AHMET YESEVİ’NİN KIPÇAKTAKİ HALİFELERİ


...........................................................................................................Ahmet Turan TİRYAKİ..........
Rivayete göre Hazret Sultan Hoca Ahmet Yesevi’nin, on iki bini kendi yaşadığı muhitte, doksan
dokuz bini uzak memleketlerde olmak üzere birçok müridi ve hayatta iken kendisinin geleneğe
uygun olarak atadığı pek çok halifesi vardır.
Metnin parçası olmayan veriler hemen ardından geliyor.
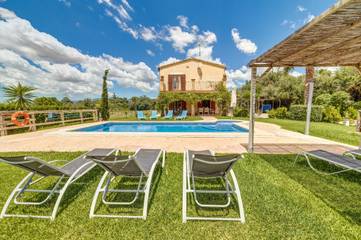 Holiday home in Inca, Majorca Center für 8 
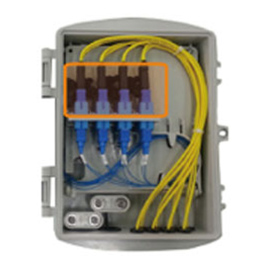 UCL Swift Single Mode, UPC, 900 micron Connector, SC-SM-UPC-09, Mulit-Mode, OM3, UPC, 900 micron LC Splice-On Connector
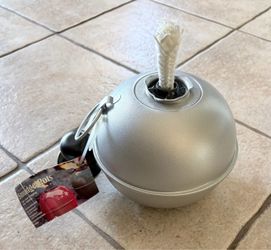 Sale Nostalgic Smudge Pot New Patio Deck Camping Bug Control 8”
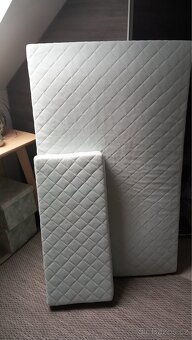 Dětská prodlužovací postel IKEA Sundvik - 5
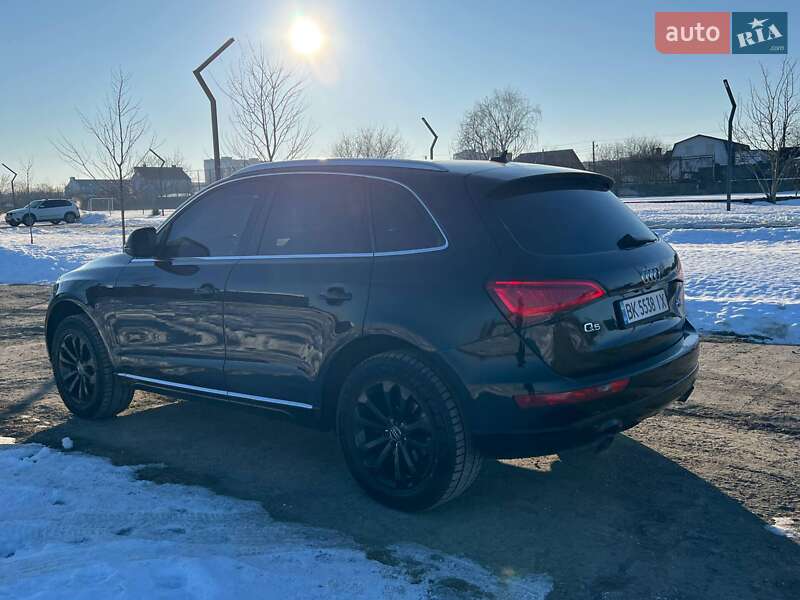 Audi Q5 2013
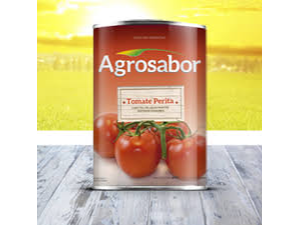 TOMATE PERITA AGROSABOR 400G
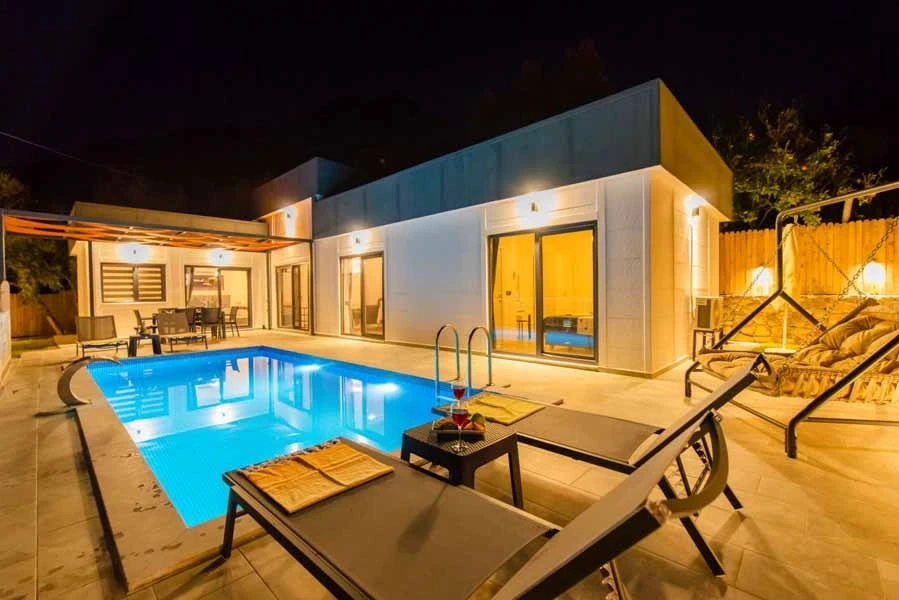 Villa Ural Üzümlü - 5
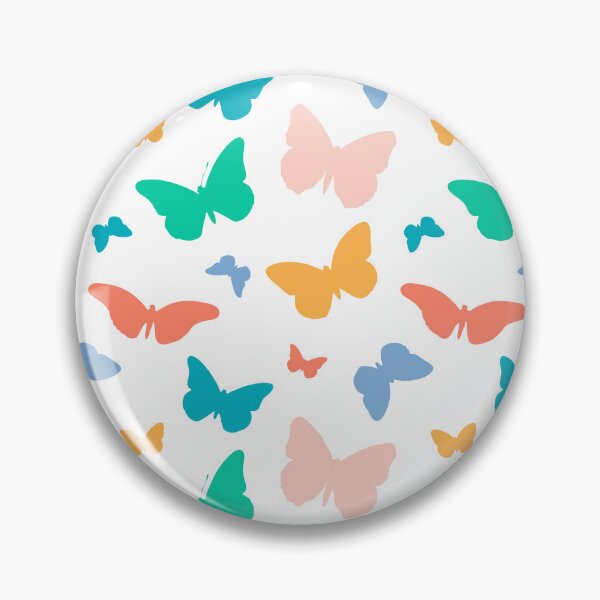 Item preview, Colorful Butterflyes designed and sold by nadodasi.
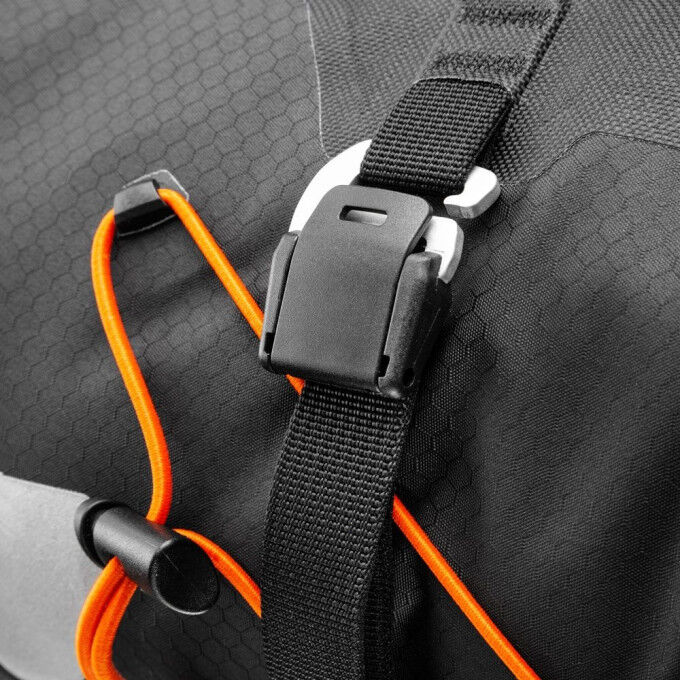 Bolsa de manillar Ortlieb HANDLEBAR-PACK 15L Negro Mate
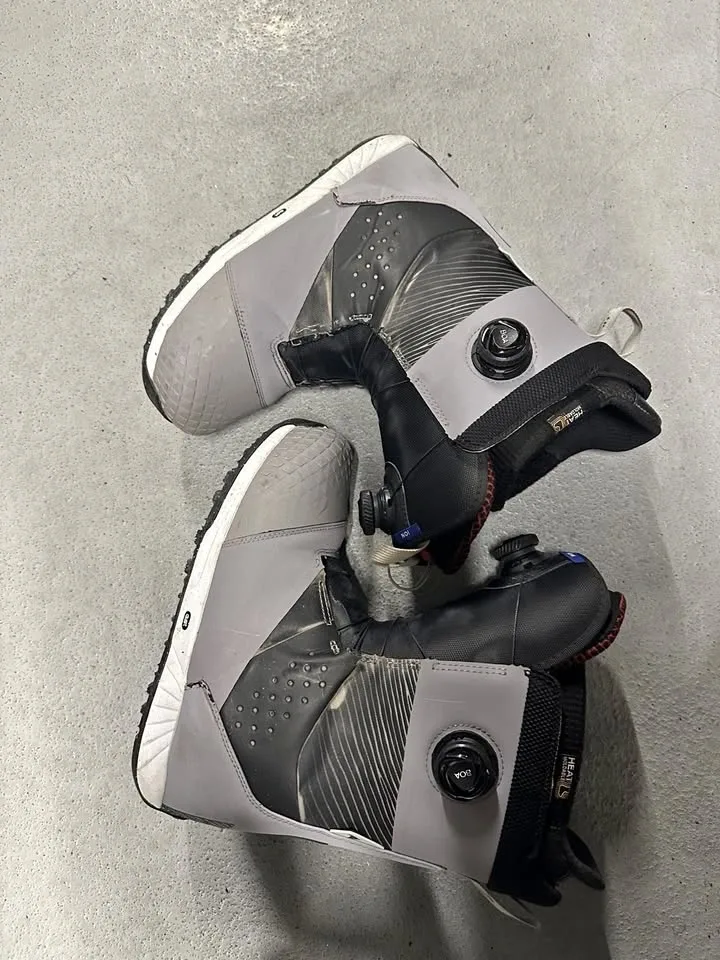2023 Burton Ion BOA Men's Snowboard Boots – US 11.5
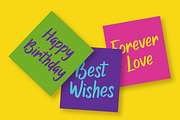 Smart Notes, a Font by Patria Ari (P4tcreativa) (Thumbnail 4 of 6)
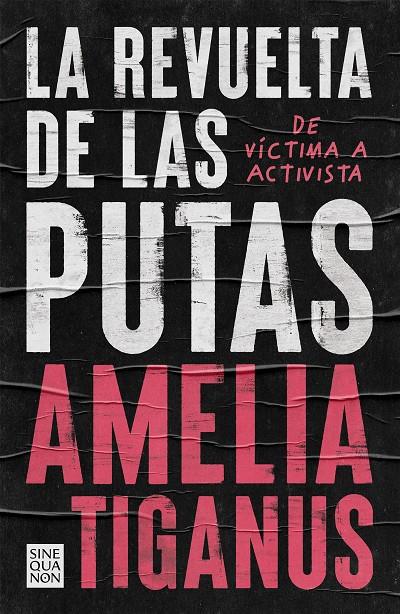 La revuelta de las putas | 9788466668859 | Amelia Tiganus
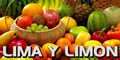 Lima y Limon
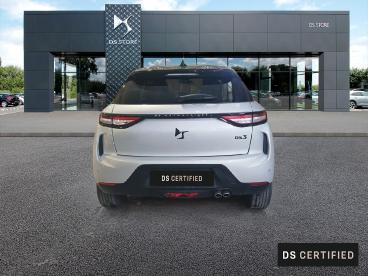 SPOTICAR Ds Ds 3 Puretech 96kw  Auto. Performance Line Ocasion - Urbano Gasolina Crystal Pearl - Madrid - 1202098546_5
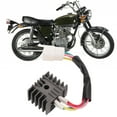 thumbnail image 3 of Rectificador De Motocicleta, 31700-358-013 Rectificador De Voltaje Convertidor De Alta Precisión Para Modificación, 3 of 7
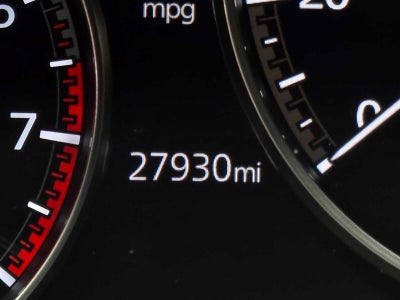 2023 Mazda Mazda3 Hatchback 2.5 S Carbon Edition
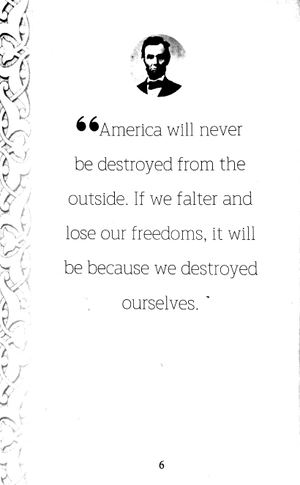 30s abraham lincoln thay đổi bạn mỗi ngày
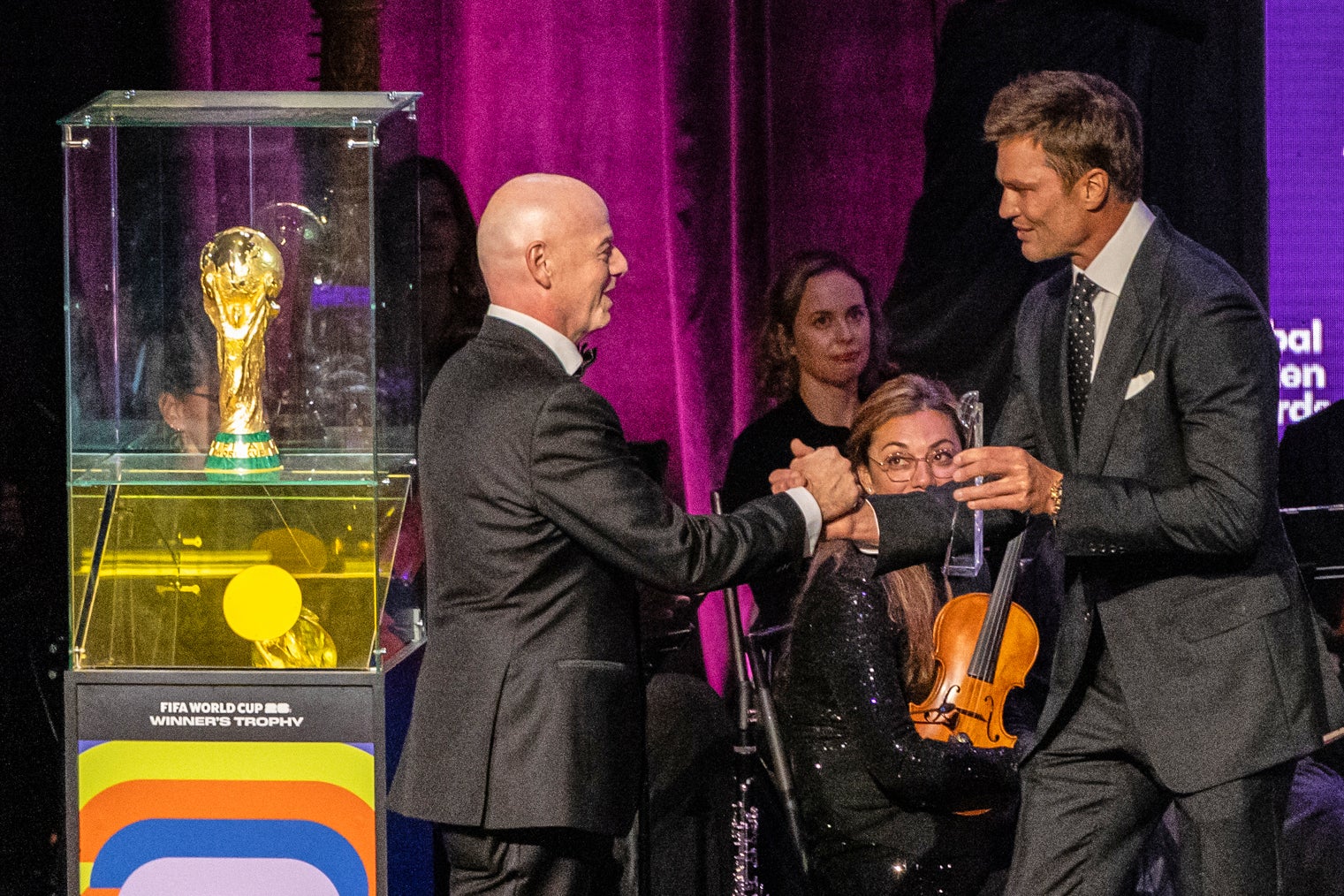 Global Citizen Awards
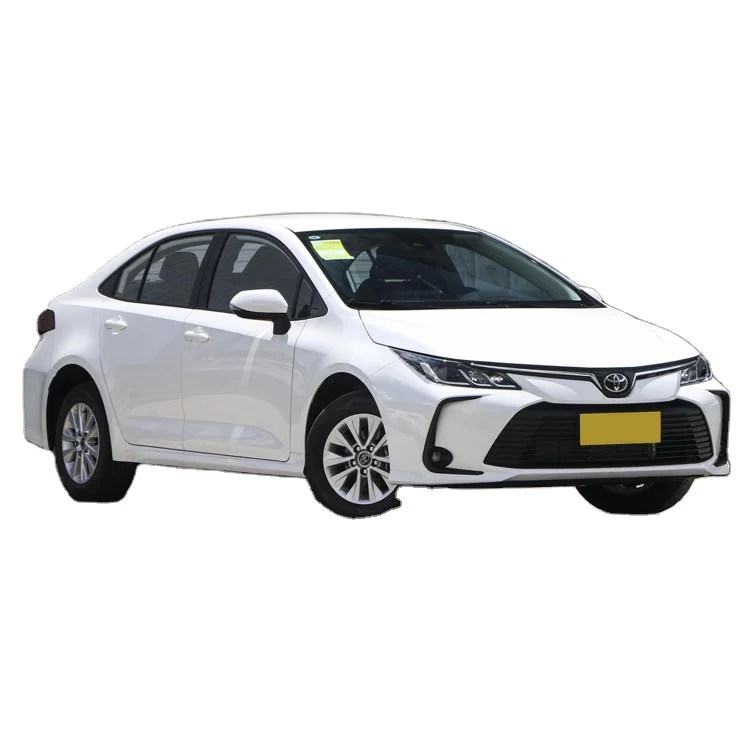 Cars 2024 100 Sedan Verso Use Japanese Used Electric Car To-yota Co-rolla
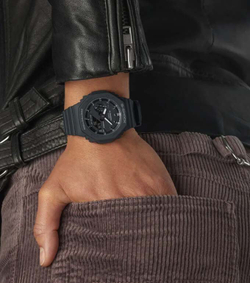 Часы Casio GMA-S2100-1AER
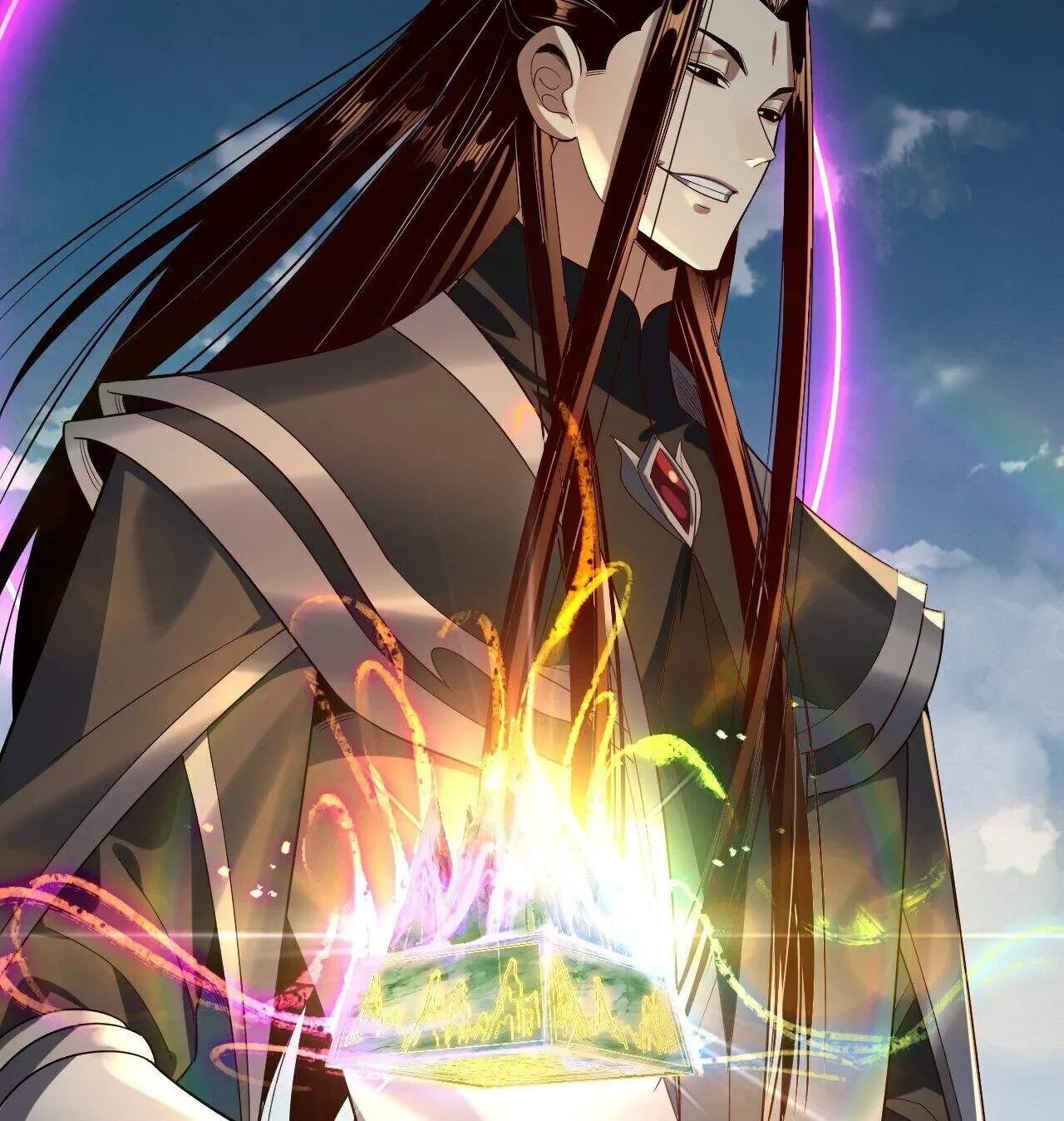 I am the Fated Villain ตอนที่ 241 หน้า 15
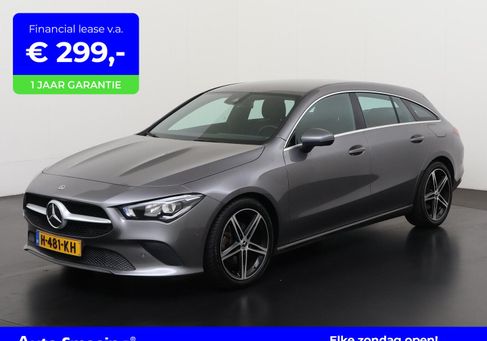 Mercedes-Benz CLA 180 Shooting Brake, 2020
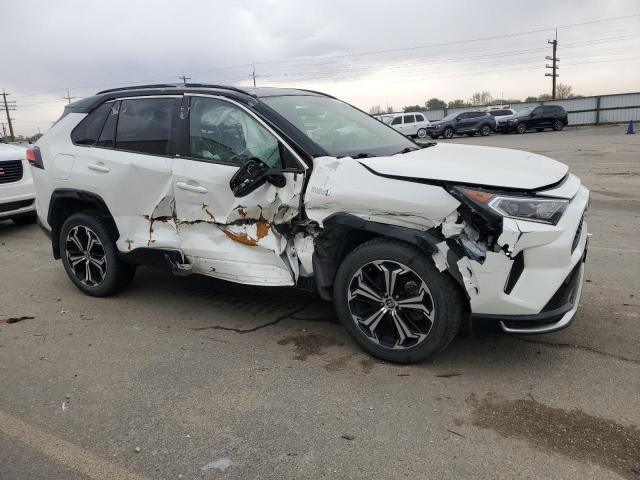 Photo 4 from auction – 2021 TOYOTA RAV4 PRIME with VIN JTMEB3FVXMD004706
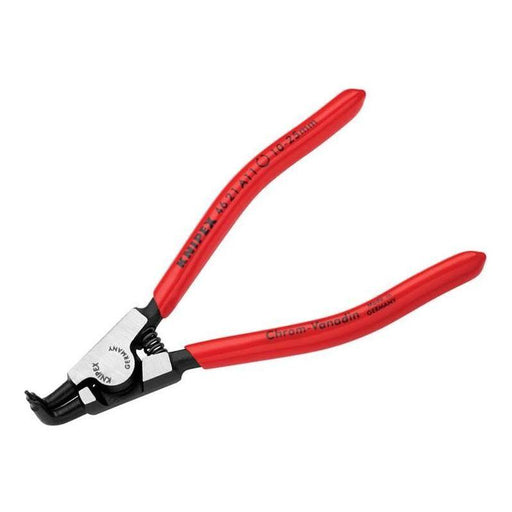 Knipex Circlip Pliers External 90° Bent Tip 10 - 25mm A11 Knipex - Town Tools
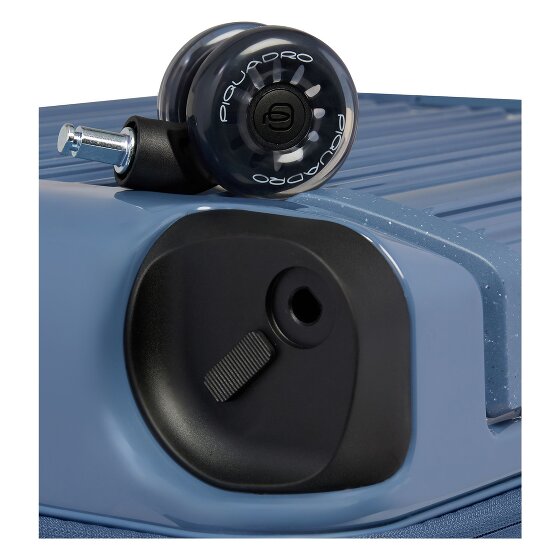 Piquadro Pop 4 Rollen Trolley 55 cm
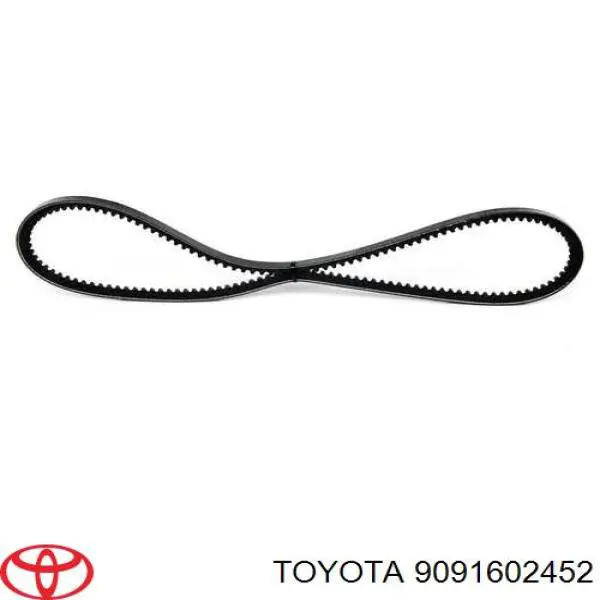 Comprar 9091602452 Toyota Correa trapezoidal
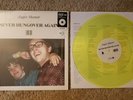 Joyce Manor Never Hungover Again Clear Yellow Vinyl 1st Press Epitaph Emo Indie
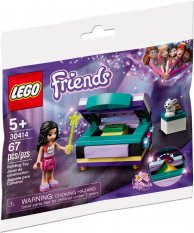 LEGO® Friends 30414 Emmina kúzelná škatuľka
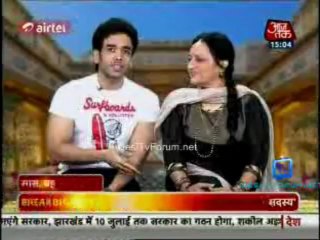 Saas Bahu Aur Betiyan [Aaj Tak] 3rd July 2013 Video Watch pt2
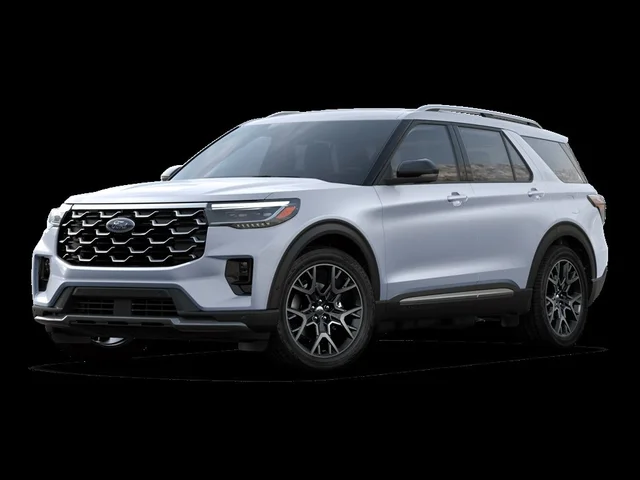 Nuevos FORD EXPLORER at Maplecrest Ford Lincoln of Union in Vauxhall
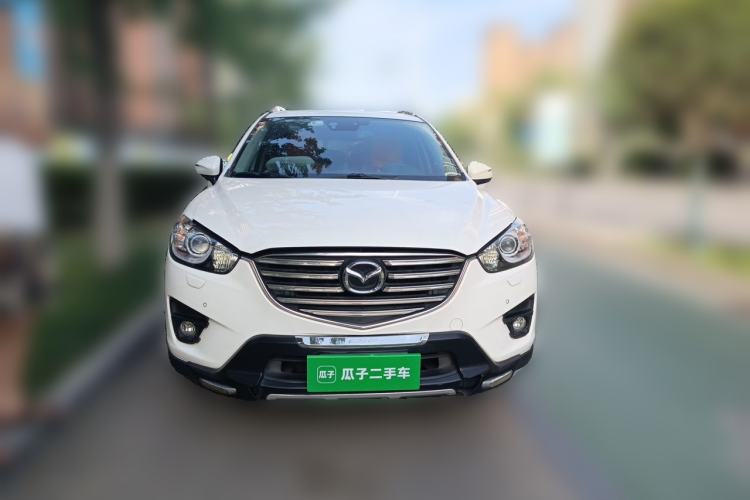 Used Mazda CX-5 2015 2.5L Automatic 4x4 Flagship Model Front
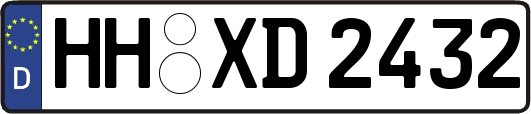 HH-XD2432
Kaynakların aktardığına göre Ahmet Yesevi’nin ilk halifesi, ilk hocası olan Arslan Baba’nın oğlu
Mansur Ata’dır. Ondan sonra yerine Abdü’l-Melik Ata, ondan sonra da Melik Ata’nın oğlu Tac
Hoca geçmişlerdir. İkinci halife, Harezmli Said Ata’dır. Üçüncü halife Türkler arasında en meşhur
olan, “dervişler ahvalinden Türkî dilde hikmet -âmiz ve latâif-i ibret-engizleri” bulunan Süleyman
Hakim Ata’dır.
Hakkında yazılan menakıbnâme sayesinde Süleyman Hakîm Ata hakkında etraflıca bilgi vardır.
Süleyman Hakîm Ata daha küçük yaşta Ahmet Yesevi dergahına kabul görmüştür. Okula giden
Süleyman Hakîm Ata, diğer çocuklar gibi Kuran-ı Kerim’i boynuna asmaz, büyük bir saygıyla
elleriyle başının üzerinde taşırdı. Ayrıca okuldan çıkıp eve giderken okula sırtını dönmez, yüzü
okula, sırtı eve dönük olarak evin yolunu tutardı. Ahmet Yesevi Hazretleri Süleyman Hakîm Ata’nın
bu hâlini pek beğenmiş, hocalarından izin alarak kendisine gelmesini tavsiye etmiş, Süleyman
Hakîm Ata da bu davete icabet etmiştir.
Herkes buğday biz saman, herkes yahşi biz yaman
(S. Hakim Ata)
Rivayete göre Hızır Aleyhisselam birgün Hoca Ahmet Yesevi’yi ziyarete gelmişti. Hoca Ahmet
Yesevi de yemek pişirmek için dergahtaki çocukları odun toplamaya yollamıştı. Az sonra başlayan
yağmur, çocukların topladığı bütün odunları ıslatmıştı. Ancak Süleyman Ata’nın getirdiği odunlar
kuruydu. Bunun sebebini sorulunca, “yağmur başlayınca elbiselerini çıkarıp odunların üzerine
serdiğini, odunlarının bu sebeple kuru kaldığını” söyler. Hızır Aleyhisselam’ın hoşuna giden bu
davranış sonucunda kendisine Hakîm adı verilir ve hem Hızır Aleyhisselam hem de Hoca Ahmet
Yesevi Fatiha okuyarak onu kutlarlar. Hızır Aleyhisselam, Süleyman Hakîm Ata’nın ağzına tükürük
bırakır, Süleyman Hakîm Ata içine sığmaz. Hızır Aleyhisselam “Haydi durma, feyz izhâr et” der.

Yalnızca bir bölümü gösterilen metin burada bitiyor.